Important points to note from today’s article include:

We are still left, however, with the Abbott Government’s policy of aiming to achieve a 5% reduction in emissions  by 2020 through the so-called direct action policy and through a policy of achieving 20% of electricity from sources other than coal, oil or gas. Despite its significant potential to reduce  efficiency, the latter part of the policy seems to have been ignored in the article, presumably because there is no separate funding provision for it. This overlooks the potential for regulatory arrangements restricting usage of fossil fuels.

Recipients of this message will already have received the message I circulated last week on my involvement with a group sending a Petition to the House of Representatives to adopt a motion asking the Government to have a comprehensive inquiry on the costs and benefits from programs designed to achieve the 5% reduction in emissions. If you have not “signed up”, please do so asap.

Des Moore

Climate tax, aid and fees off table as
cabinet toughens stance
(Article by Greg Sheridan published in The Australian, 11 November 2013.)

FEDERAL cabinet has ruled that Australia will not sign up to any new contributions, taxes or charges at this week's global summit on climate change, in a significant toughening of its stance as it plans to move within days to repeal the carbon tax.
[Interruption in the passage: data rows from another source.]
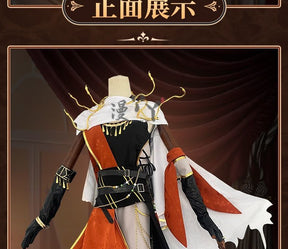 Identity V Naib Subedar Cosplay Costume Mercenary Cos Handsome Fashion Uniforms Activity Party Role Play Clothing Game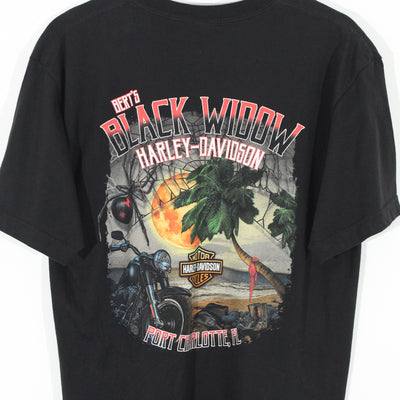 Harley Davidson Port Charlotte Back Print T-Shirt (L)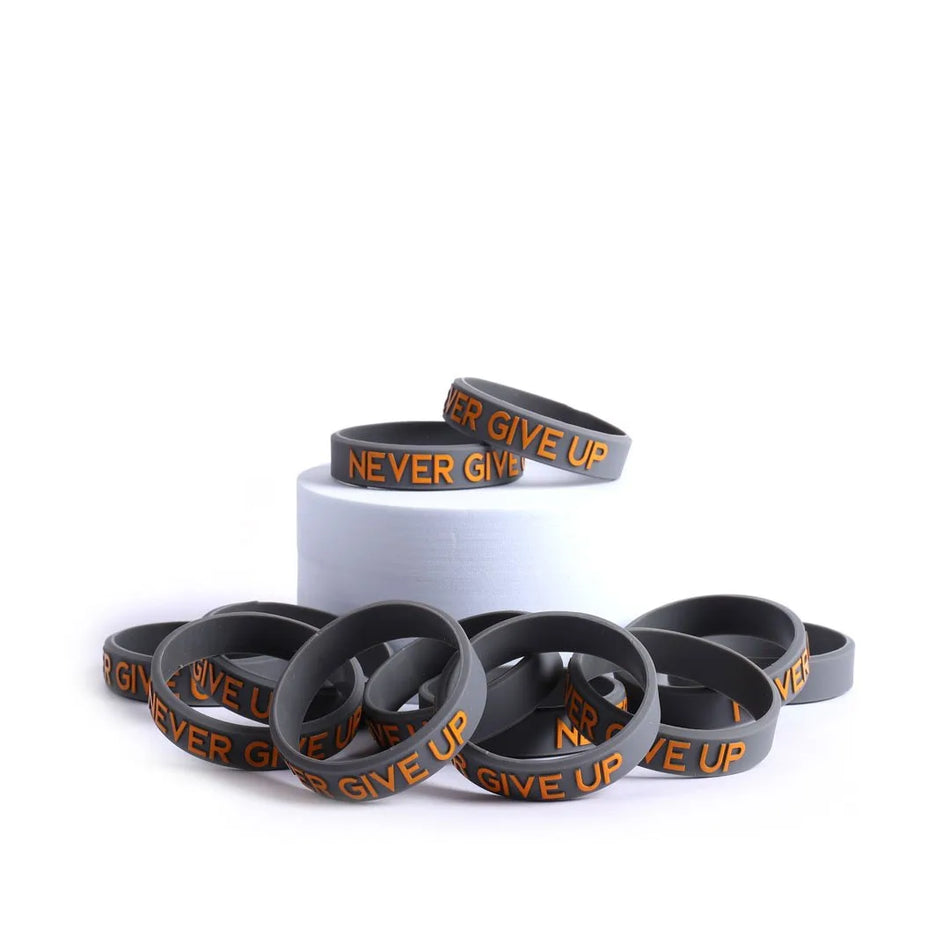 POWER BAND NEVER GIVE UP SM 1/2" - PK12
Cabinet ministers have decided to reject any measures of "socialism masquerading as environmentalism" after meeting last week to consider a submission on the position the government would take to the Warsaw conference.

A further document was produced after the meeting that outlines the government's position.
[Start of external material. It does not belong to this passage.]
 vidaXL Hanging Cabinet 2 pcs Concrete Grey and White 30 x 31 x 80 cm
The Australian has seen part of the document and it declares that, while Australia will remain "a good international citizen" and remains "committed to achieving the 5 per cent reduction" by 2020 of the 2000 levels of emissions, it will not sign up to any new agreement that involves spending money or levying taxes.

This rules out Australia playing any role in a wealth transfer from rich countries to developing nations to pay them to decrease their carbon emissions.

The decision hardens the nation's approach to the UN's negotiations amid a renewed push from less-developed countries this week for $100 billion a year in finance to deal with climate change.

Cabinet decided that Australia would consider joining a new scheme after 2015, but only if all the major global economies did likewise.

Senior ministers believe there is absolutely no chance of that happening.

The Abbott government has explicitly decided that it will not agree to any payments or accept any liabilities as part of any carbon agreement.

The government's document also says that Australia "will not support any measures which are socialism masquerading as environmentalism".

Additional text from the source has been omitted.